=== Supplied records ===

>>>

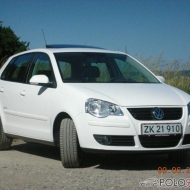 Picupload von uv6a59j6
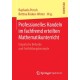 Professionelles Handeln im fachfremd erteilten Mathematikunterricht: Empirische Befunde und Fortbildungskonzepte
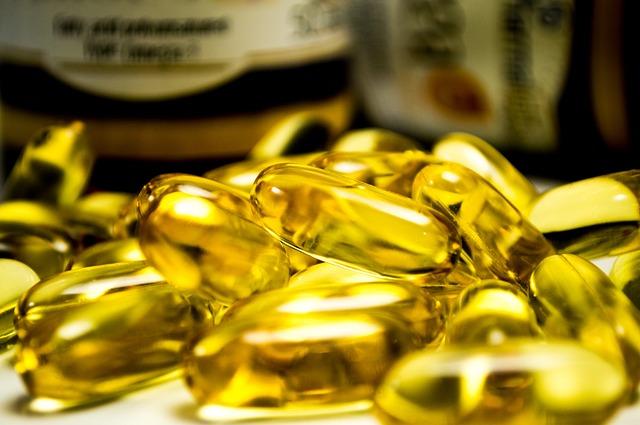 Understanding Nutrient Timing and Its Importance in Fitness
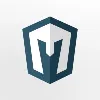 Armory Technologies, Inc. Armory Technologies, Inc.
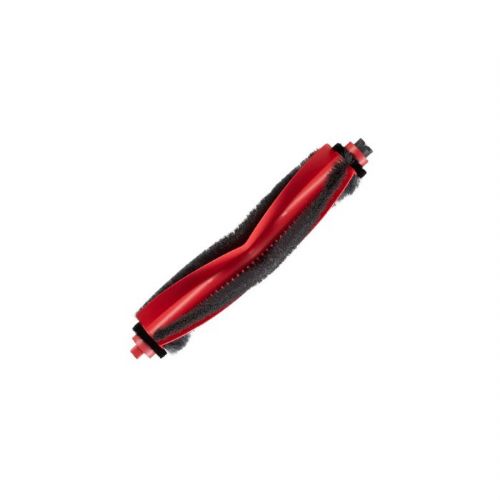 Roborock main brush for Q7 BF / Q7 BF+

<<<

=== Exercise goal ===
Could you retype exactly the lines running from the one with "Armory Technologies, Inc. Armory" to the end of the material above, pictures omitted?

=== Task output ===
 Armory Technologies, Inc. Armory Technologies, Inc.
 Roborock main brush for Q7 BF / Q7 BF+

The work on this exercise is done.